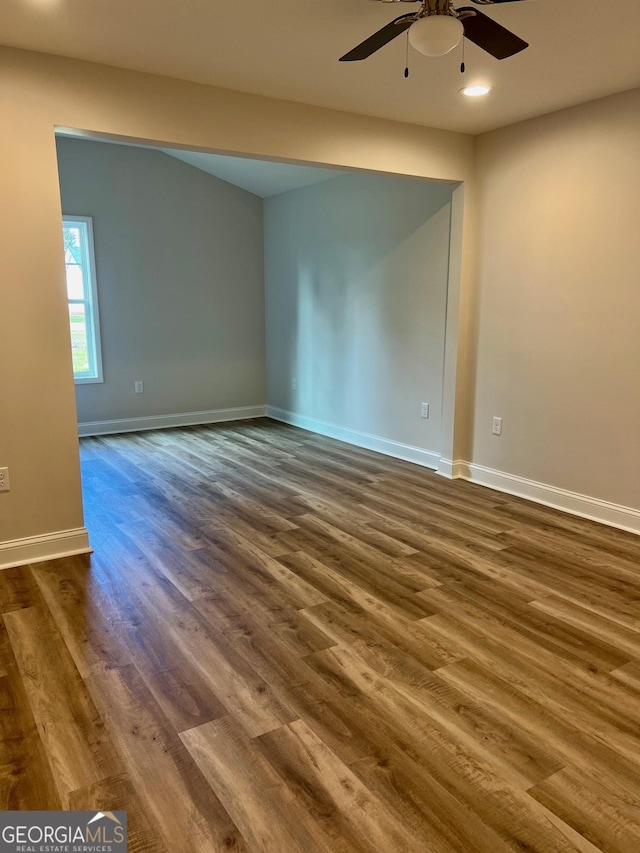 empty room featuring a ceiling fan, recessed lighting, dark wood-style flooring, and baseboards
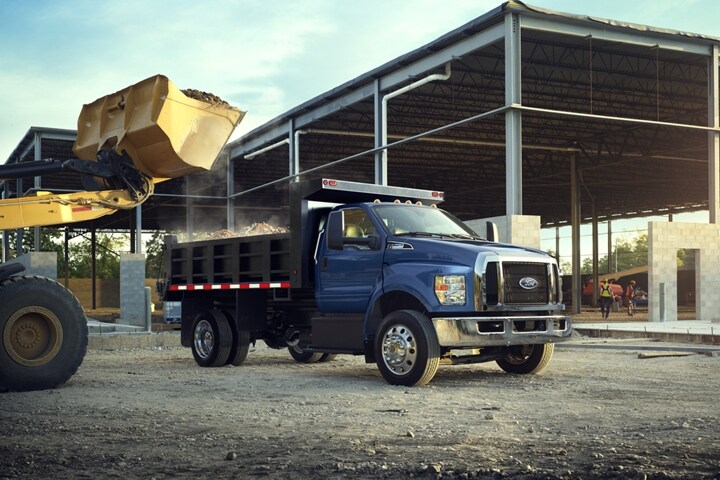 Front end loader dumping dirt into dump truck upfit of 2024 Ford F-750 Regular Cab in Blue Jeans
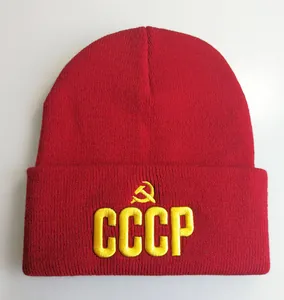 Detail der roten Strickmütze mit gelber CCCP-Stickerei und Hammer-und-Sichel-Symbol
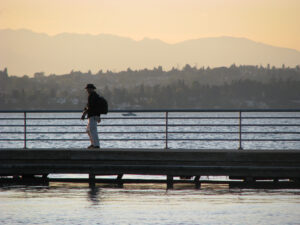 A photographer walks along a dock at dusk by the water in Renton, WA.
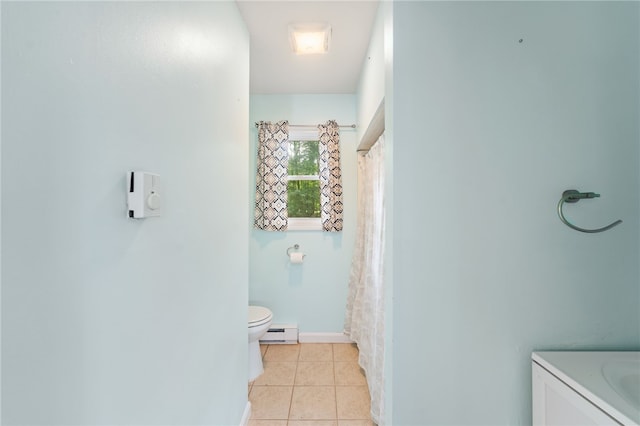 22 Riverdale Rd, Westerly, RI 02891 - bathroom with baseboard heating, tile patterned flooring, vanity, and curtained shower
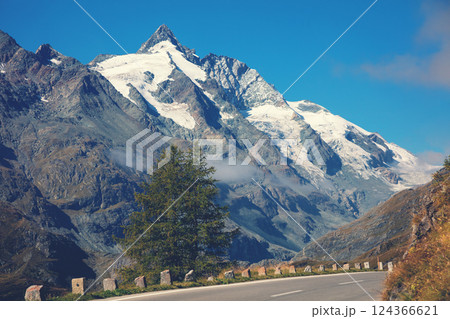 Mountain landscape. Mountain road and blue sky. Grossglockner High Alpine Road. Austria, Europe Mountain landscape. Mountain road and blue sky. Grossglockner High Alpine Road. Austria, Europe 124366621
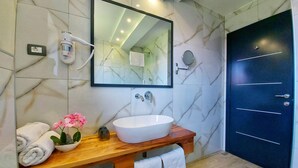 Une salle de bain moderne avec un pare-feu en marbre, un lavabo blanc, un miroir et une porte sombre.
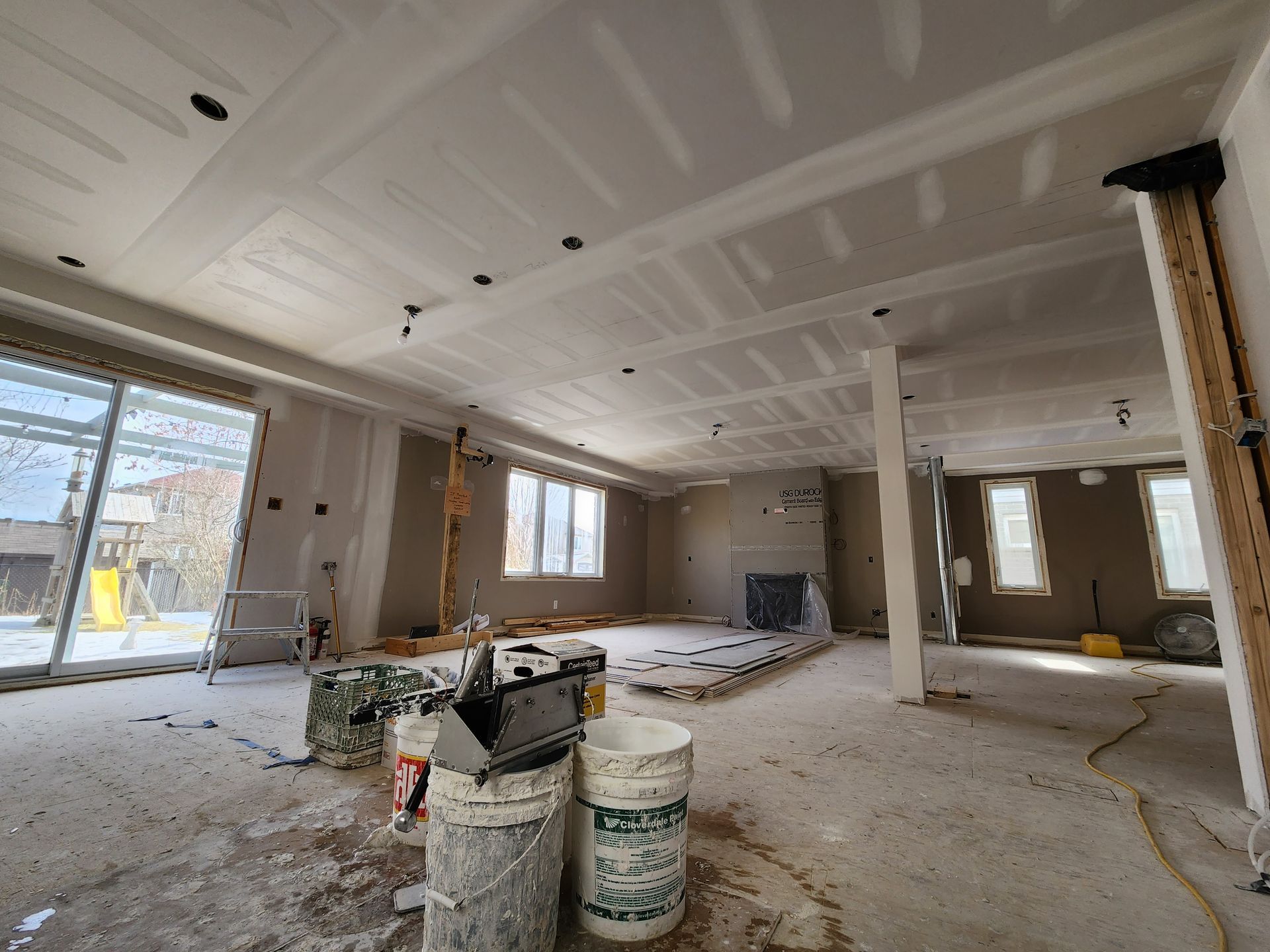 a large room under construction with buckets of paint on the floor .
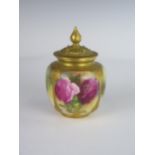 A Royal Worcester Potpourri Vase with reticulated cover and decorated with roses, 1922 model 162, 12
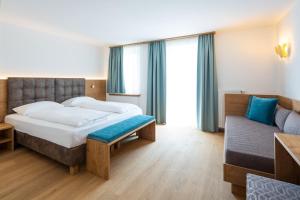 Postel nebo postele na pokoji v ubytování Hotel Blitzburg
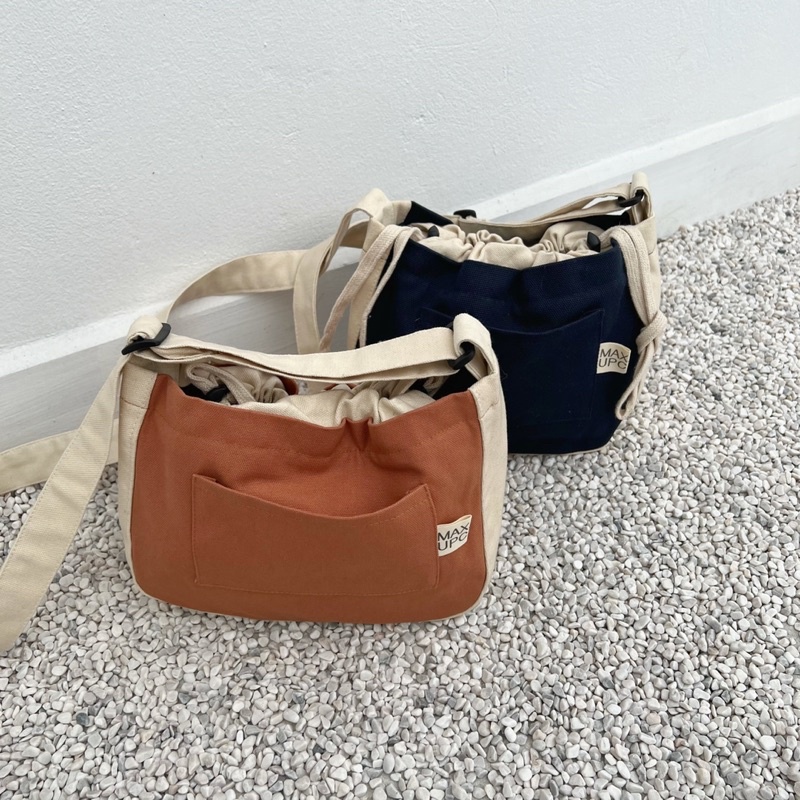 Túi Đeo Chéo “Mini Mandu Bag” Miệng Túi Dây Rút Vải Canvas
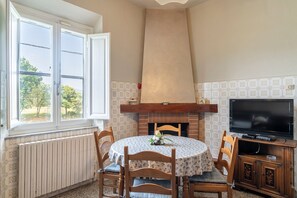 Ein Essbereich mit einem runden Tisch, Stühlen, einem Kamin, einem Fernseher und einem Fenster mit Blick auf Bäume.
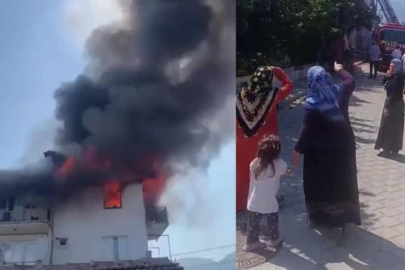 Çocuklarını kurtarmak için alevlerin arasına daldı!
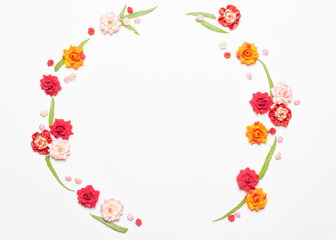 Frame made of rose flowers on white background. Top view with copy space.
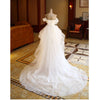 The Bride'S Wedding Dress With Long Tail In Front Of The Studio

| Task brief |
Could you return all the entries exactly as they appear, minus the pictures?

| Response box |
 empty room featuring a ceiling fan, recessed lighting, dark wood-style flooring, and baseboards
 Front end loader dumping dirt into dump truck upfit of 2024 Ford F-750 Regular Cab in Blue Jeans
 Detail der roten Strickmütze mit gelber CCCP-Stickerei und Hammer-und-Sichel-Symbol
 A photographer walks along a dock at dusk by the water in Renton, WA.
 22 Riverdale Rd, Westerly, RI 02891 - bathroom with baseboard heating, tile patterned flooring, vanity, and curtained shower
 Mountain landscape. Mountain road and blue sky. Grossglockner High Alpine Road. Austria, Europe Mountain landscape. Mountain road and blue sky. Grossglockner High Alpine Road. Austria, Europe 124366621
 Une salle de bain moderne avec un pare-feu en marbre, un lavabo blanc, un miroir et une porte sombre.
 a large room under construction with buckets of paint on the floor .
 A Royal Worcester Potpourri Vase with reticulated cover and decorated with roses, 1922 model 162, 12
 Postel nebo postele na pokoji v ubytování Hotel Blitzburg
 Túi Đeo Chéo “Mini Mandu Bag” Miệng Túi Dây Rút Vải Canvas
 Ein Essbereich mit einem runden Tisch, Stühlen, einem Kamin, einem Fernseher und einem Fenster mit Blick auf Bäume.
 Çocuklarını kurtarmak için alevlerin arasına daldı!
 Frame made of rose flowers on white background. Top view with copy space.
 The Bride'S Wedding Dress With Long Tail In Front Of The Studio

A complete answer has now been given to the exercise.